┏━━

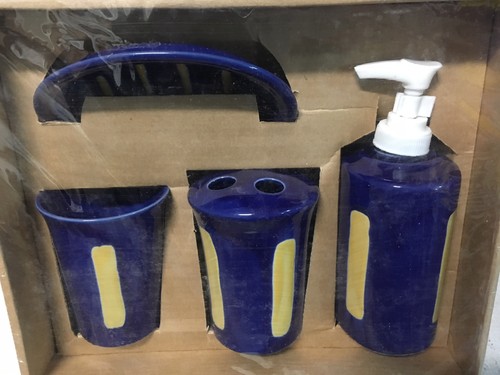 Set 4 Pezzi da Bagno Vintage Ceramica Blu con decorazione - Foto 3 di 3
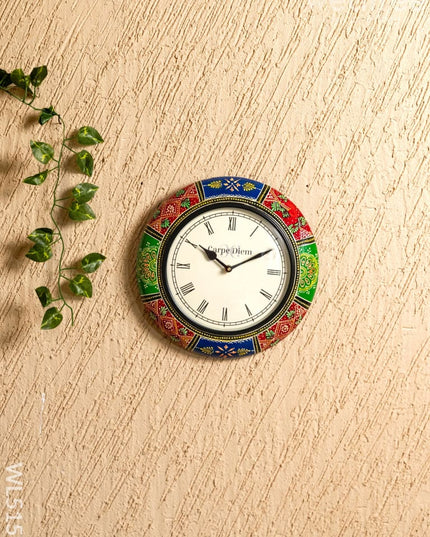 Wall Clocks - Painted with Floral Design - 12 inch - WL5157 - Wall Clocks
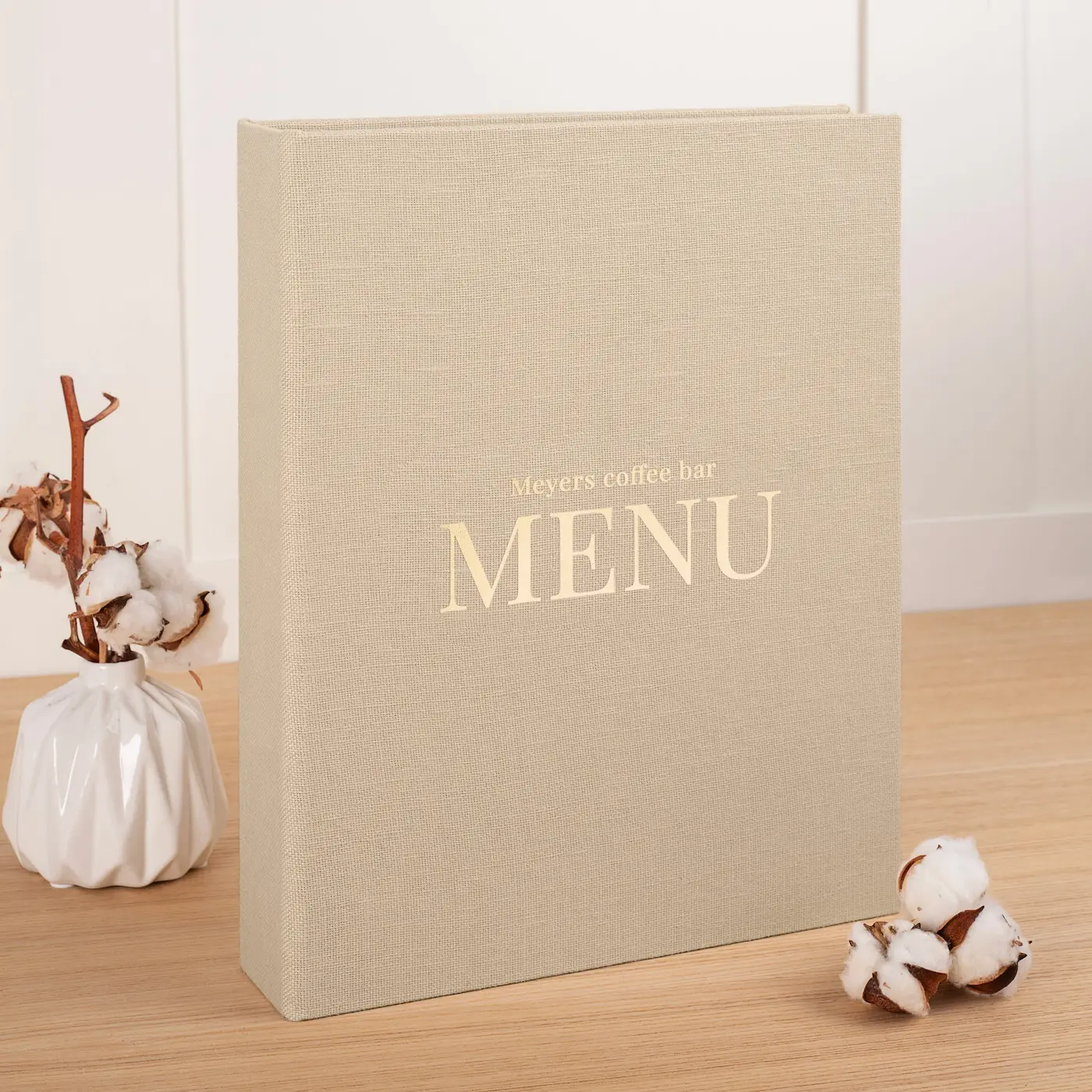 Linen Menu Book With Sleeves - Image 4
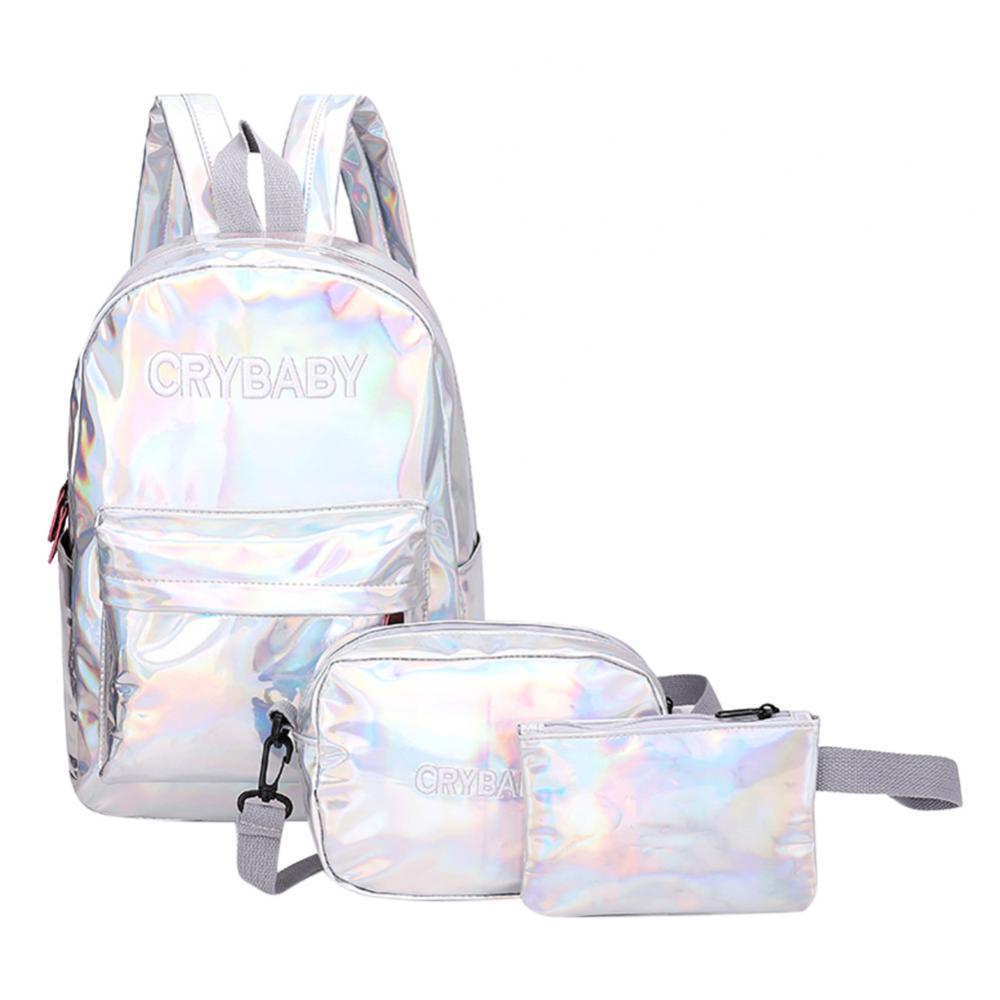 3 stk. sett med gatebokstaver DAMER Herrer Laser PU-skinn ryggsekker Tenåring Studenter Glidelås Skulder Skolesekker Kompositt Clutch Mochila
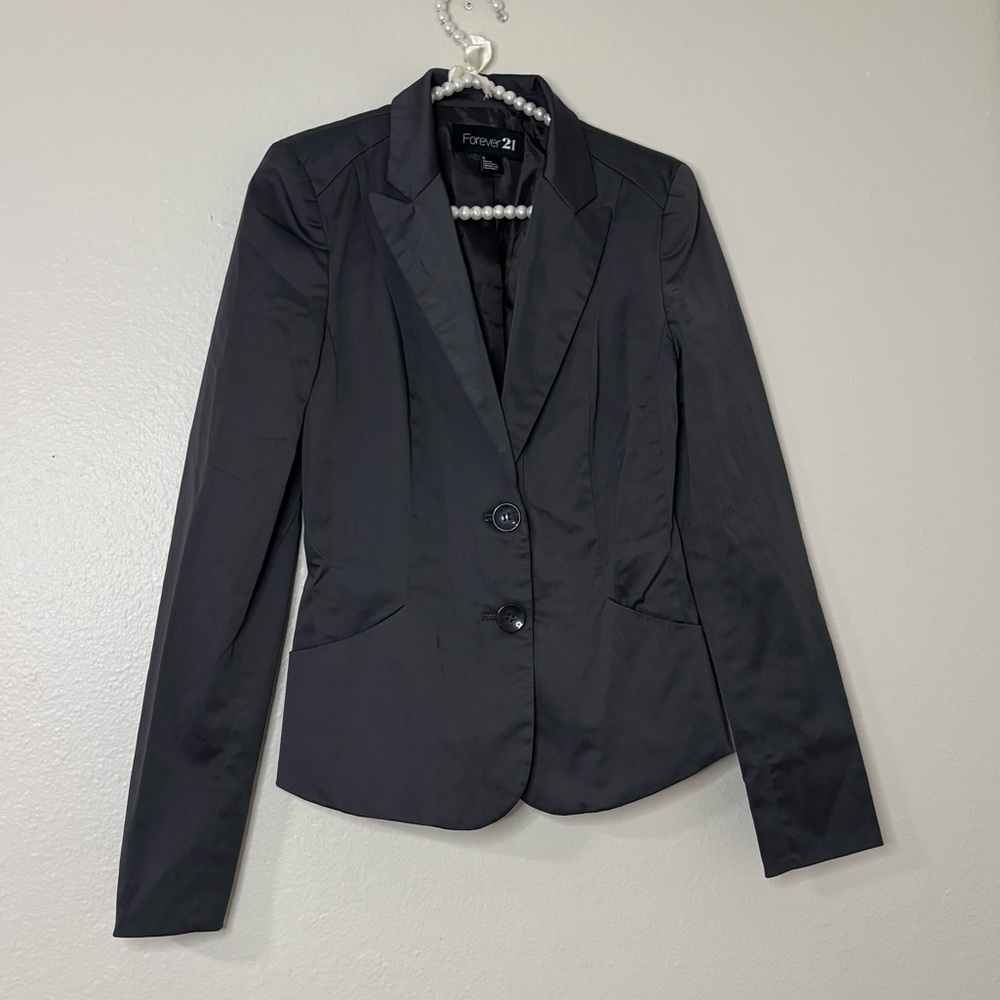 Forever 21 Women Gray Satin Double Breasted Fitted Blazer - Picture 9 of 10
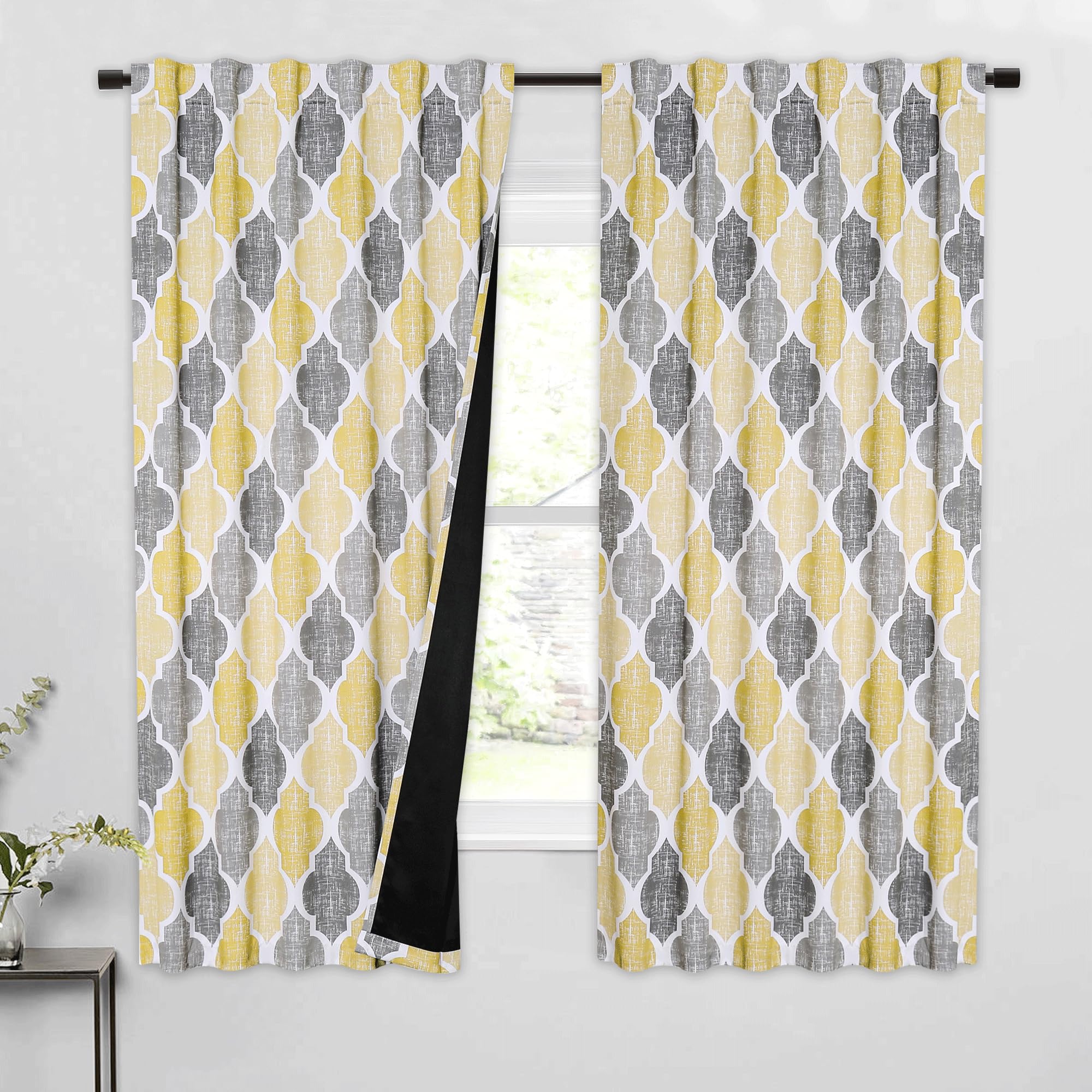 Beauoop 100% Blackout Curtains 45 Inches Long 2 Panels for Bedroom Living Room Aqua Grey Moroccan Geo Room Darkening Thermal Insulated Soundproof Grommet Top Window Treatments Drapes, 50x45 Set of 2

┗━━

▶ _YOUR GOAL_: Go back to the line that contains "Forever 21 Women" and copy it, along with each line after it through the end of the listing above, exactly and without pictures.

▶ _TASK SOLUTION_:
 Forever 21 Women Gray Satin Double Breasted Fitted Blazer - Picture 9 of 10
 Beauoop 100% Blackout Curtains 45 Inches Long 2 Panels for Bedroom Living Room Aqua Grey Moroccan Geo Room Darkening Thermal Insulated Soundproof Grommet Top Window Treatments Drapes, 50x45 Set of 2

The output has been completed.